If the system determines the freight can’t be hauled economically with its own private fleet or by Greatwide’s “virtual” private fleet, then it is given back to the shipper to give to common carriers.

If this model plays out in reality like it sounds on paper, this could have a major impact on the relationship between a private fleet and common carriers, such as Greatwide, that provide dedicated transportion.  I think this type of technology offers a compelling reason for a private fleet to increase its use of third party, dedicated capacity in its system. However, I want to mention that I believe this new business model has several flaws from the perspective of a private fleet.

Power-to-load optimization software from IDSC and other providers produces an “optimal” dispatch solution using measurable inputs such as costs, lane rates and the current position of assets in the system. However, it largely ignores the core advantages of using the private fleet versus a common carrier in one or more lanes: dependability, reliability, efficiency, customer service, and the ability for a private fleet to find its own backhauls and/or to partner with independent logistics firms that can provide backhaul solutions.

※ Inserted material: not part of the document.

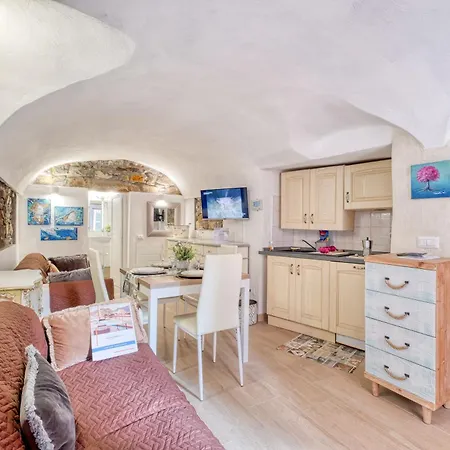 Apartment La Pigna Azzurra - Happy *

Greatwide has purchased a couple of large brokerage firms that, among other advantages, may help fill in the backhauls for assets in the system, both for the private fleet and for their own assets. Yet who really wins in the case where they provide a backhaul to the private fleet? While the private fleet picks up some extra revenue, Greatwide gets a bigger slice of the pie by using the private fleet’s capacity to generate more revenue. It also knows what to pay for a backhaul to make it “fit” within the system–which may be below the rate a private fleet could get from an independent broker or provider of backhaul solutions.